This thread is inspired by a post by Enderw24 in the new Marketplace forum offering to buy people’s unwanted Magic: The Gathering cards, of which I have a staggering quantity (well over 125,000), all from 12+ years ago. That prompted me to dig out my cards from attic storage to look through them, which has made me think about the game as a game (instead of 50 lbs. of flammable schlepola) for the first time in a long time.
Forgive me if this topic has been discussed before, but I would have avoided a thread topic like this in an effort to keep from getting sucked back in.
Around August of 1994, my game playing friends got me into “Magic: The Gathering”. For those of you familiar with the game, this was when the “Revised” (Third Edition) rotation was current, and “The Dark” and “Fallen Empires” were the current expansion sets. Despite a feeling of resentment at having gotten in only about 9 months too late - missing out on the Unlimited, Arabian Nights, Antiquities and Legends sets being in print - I fell for the game and fell hard, as you can tell by the number of cards I eventually accumulated.

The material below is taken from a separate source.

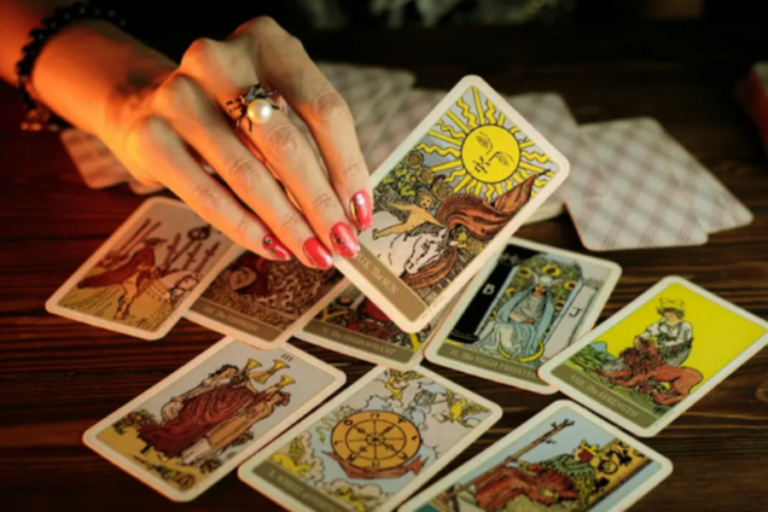 Unlocking Personal Dynamics Through Tarot: A Guide to Deeper Relationship Insights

The skyrocketing popularity of the game caught a lot of attention in the gaming world, and by 1996 it looked like CCGs were the Next Big Thing In Gaming: people I knew were playing Shadowfist, Mythos (which won a prize for Best Game at Origins when it came out), a LotR CCG - even older gaming favorites like Steve Jackson’s “Illuminati!” were coming out with CCG versions. Yet by 1997 most of those CCGs had died out - Mythos in particular flamed out so fast I never even had time to unpack most of my cards from their shrink wrapping that still encases them - and it started to look like a bubble market: the craze had grown so fast that a lot of the so-called demand for the cards were not coming from actual gamers but from speculators. MtG was still the biggest CCG in terms of interest as it was the original one, but it did look quite possible that it was just a matter of time before the bubble caught up with it as well.

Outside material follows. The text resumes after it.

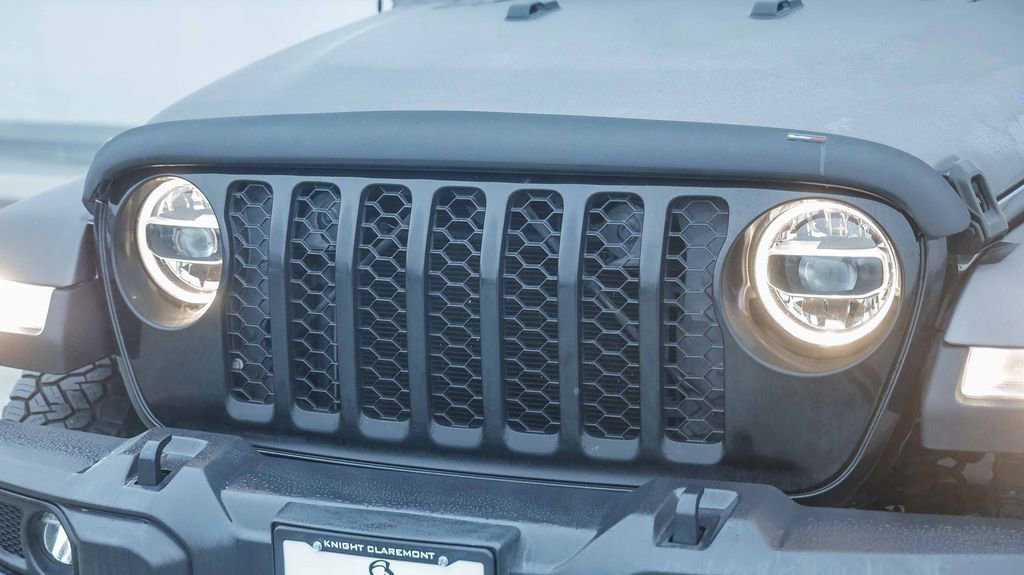 Certified 2021 Jeep Gladiator Willys image 6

Also right around then - with the Alliances and Homelands sets and the introduction of the “Fifth” Edition of the core set - I started feeling very disappointed in the newer cards. I felt no real desire to build decks around them, and the 5E rotation dropped a lot of cards I had felt were the most interesting ones as well. As part of their goal of making the game balanced they kept creating new versions of older, more powerful cards but with new drawbacks added, which seemed at the same time uninteresting and limiting. In addition, they reorganized the tourney formats to separate games based on the “last 2 printed rotations” or “using the full history of MtG” - which meant I was doomed to either continually buy boxes of cards every year (obviously what they would like), while feeling dissatisfied with the new cards as weakened versions of old favorites I already had and preferred; or, to playing in the open games where I would probably need to get cards like Moxen, Lotuses, Libraries and whatnot to be competitive, which I had missed out on by getting into the game about a year too late.
If I felt that way despite dropping what must have been thousands of dollars over 3-4 years on the game, that didn’t bode well for the future of the game… So I bowed out. Yet now, I check back in after 12 years and it looks like MtG has survived and is still doing about as well as it was 12 years ago. How did it save itself?
The rules of the game seems to have changed not once but twice since then - no more “Interrupts”, “spell stacks” and whatnot, and new game features too? Do you think this has helped? Also, new powers have been addded along with rule changes that I’m not familiar with - for example, the Wikipedia article on MtG mentions White has often featuring creatures with First Strike (which I remember), but also “Lifelink” and “Vigilance”, and Blue featuring creatures with “Flying” (an oldie) or “Shroud” (wuzzat?).
I see if I want to get back into this, it will be almost like starting over again, except with 125,000+ cards in my closet, of course.